Assignment: Only the lines below from the one that holds "If you can reduce" through the one that holds "But there is" should appear in the answer, copied exactly, end lines included and pictures omitted.

Material for this task:
•••••

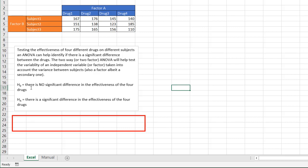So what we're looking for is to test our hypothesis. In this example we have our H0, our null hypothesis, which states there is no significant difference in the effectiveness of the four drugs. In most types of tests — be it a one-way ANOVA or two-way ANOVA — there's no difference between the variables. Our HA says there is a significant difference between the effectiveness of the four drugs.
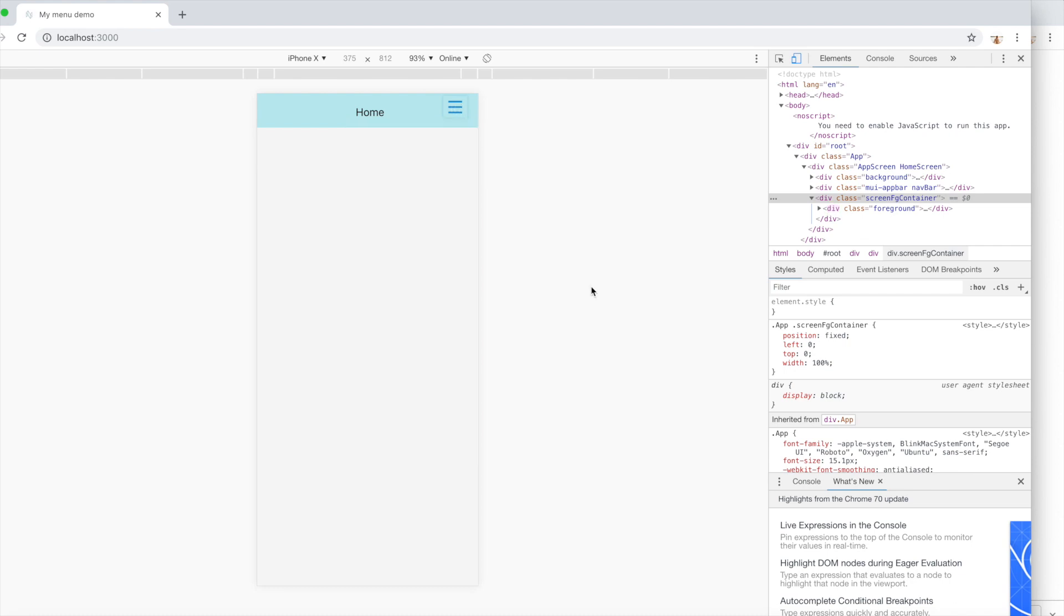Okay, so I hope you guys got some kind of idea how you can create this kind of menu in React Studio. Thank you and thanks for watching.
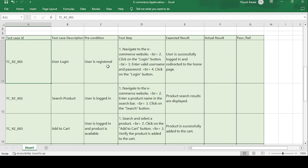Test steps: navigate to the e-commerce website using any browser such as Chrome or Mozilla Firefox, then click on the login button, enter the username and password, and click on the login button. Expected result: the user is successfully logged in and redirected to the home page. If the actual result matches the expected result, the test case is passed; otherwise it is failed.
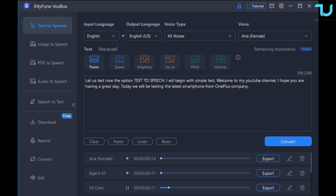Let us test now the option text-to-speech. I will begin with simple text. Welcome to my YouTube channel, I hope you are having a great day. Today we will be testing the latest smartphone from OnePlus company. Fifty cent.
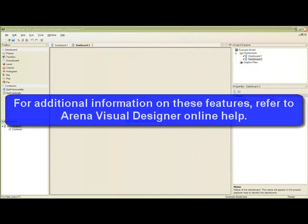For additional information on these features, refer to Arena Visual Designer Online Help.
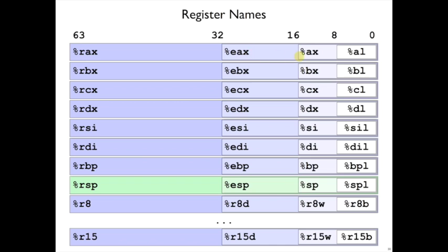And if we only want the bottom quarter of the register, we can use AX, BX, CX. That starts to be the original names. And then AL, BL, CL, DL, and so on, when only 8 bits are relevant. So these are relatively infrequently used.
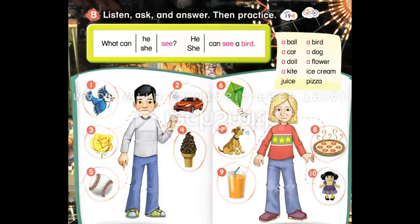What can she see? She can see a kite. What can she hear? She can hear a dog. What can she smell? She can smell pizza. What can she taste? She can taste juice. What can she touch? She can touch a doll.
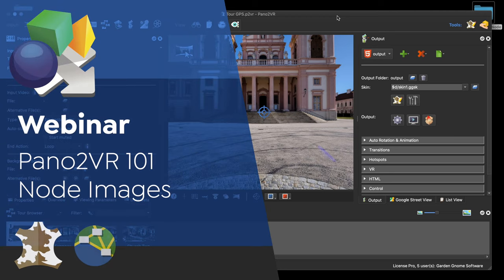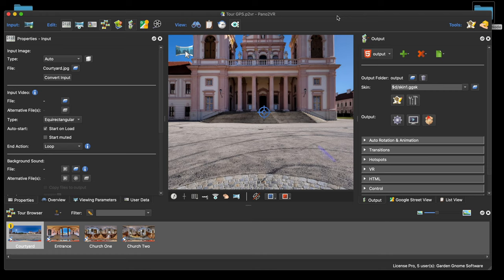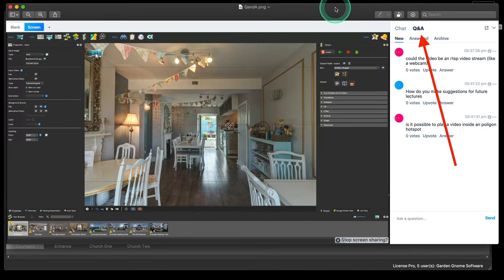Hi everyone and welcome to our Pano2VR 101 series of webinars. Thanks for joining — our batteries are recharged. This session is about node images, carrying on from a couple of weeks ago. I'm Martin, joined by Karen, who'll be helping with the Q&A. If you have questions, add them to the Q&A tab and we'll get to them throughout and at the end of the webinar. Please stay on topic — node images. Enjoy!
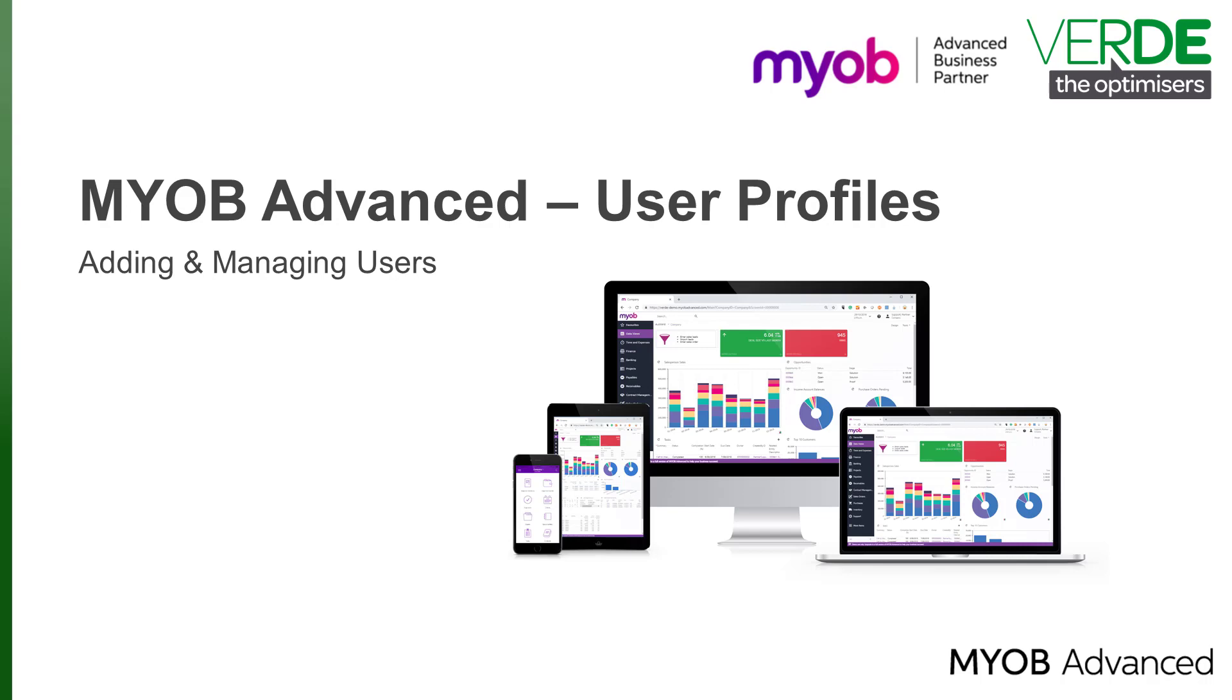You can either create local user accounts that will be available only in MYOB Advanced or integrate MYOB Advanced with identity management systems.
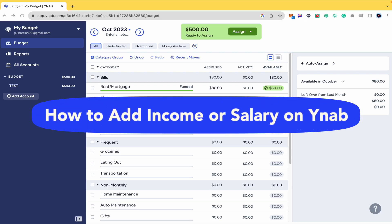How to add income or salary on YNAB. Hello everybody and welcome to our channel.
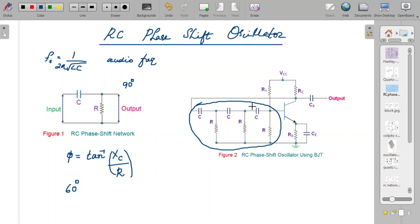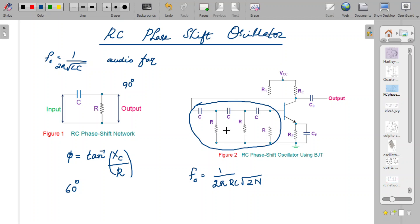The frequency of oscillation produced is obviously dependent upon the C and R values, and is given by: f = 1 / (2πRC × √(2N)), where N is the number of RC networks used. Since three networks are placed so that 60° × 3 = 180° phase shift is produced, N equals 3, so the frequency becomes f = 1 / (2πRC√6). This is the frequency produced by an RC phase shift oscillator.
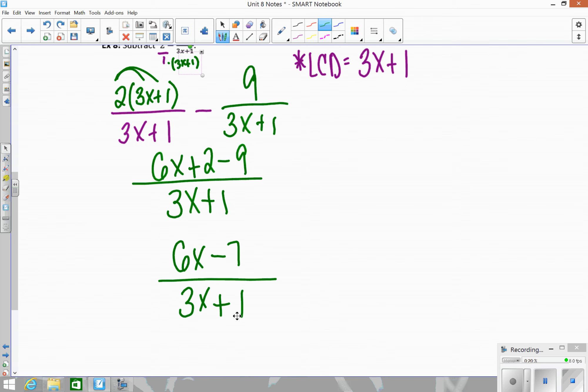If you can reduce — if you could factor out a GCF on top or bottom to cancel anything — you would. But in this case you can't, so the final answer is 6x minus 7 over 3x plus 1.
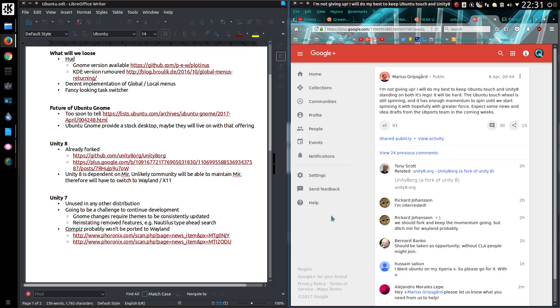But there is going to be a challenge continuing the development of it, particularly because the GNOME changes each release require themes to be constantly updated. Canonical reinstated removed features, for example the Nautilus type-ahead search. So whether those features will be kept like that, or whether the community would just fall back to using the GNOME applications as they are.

•••••

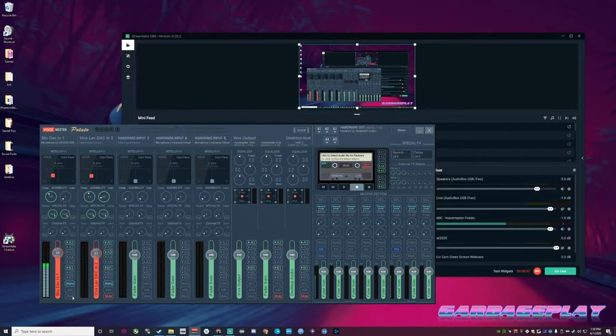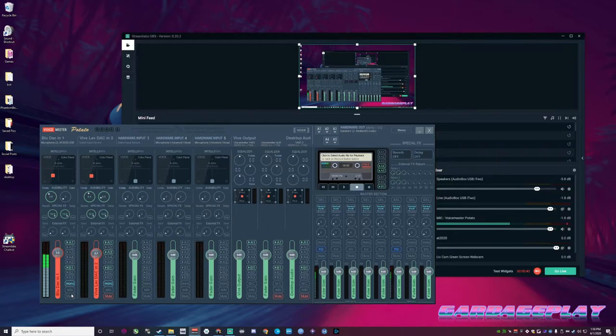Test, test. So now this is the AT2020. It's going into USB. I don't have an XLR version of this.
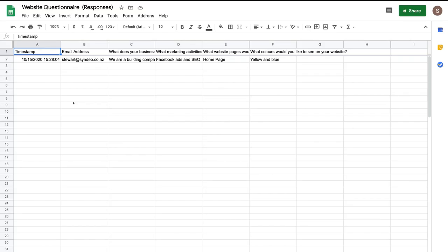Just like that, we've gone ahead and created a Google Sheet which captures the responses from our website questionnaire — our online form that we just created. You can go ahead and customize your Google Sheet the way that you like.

•••••

Worked solution:
If you can reduce — if you could factor out a GCF on top or bottom to cancel anything — you would. But in this case you can't, so the final answer is 6x minus 7 over 3x plus 1.
But there is going to be a challenge continuing the development of it, particularly because the GNOME changes each release require themes to be constantly updated. Canonical reinstated removed features, for example the Nautilus type-ahead search. So whether those features will be kept like that, or whether the community would just fall back to using the GNOME applications as they are.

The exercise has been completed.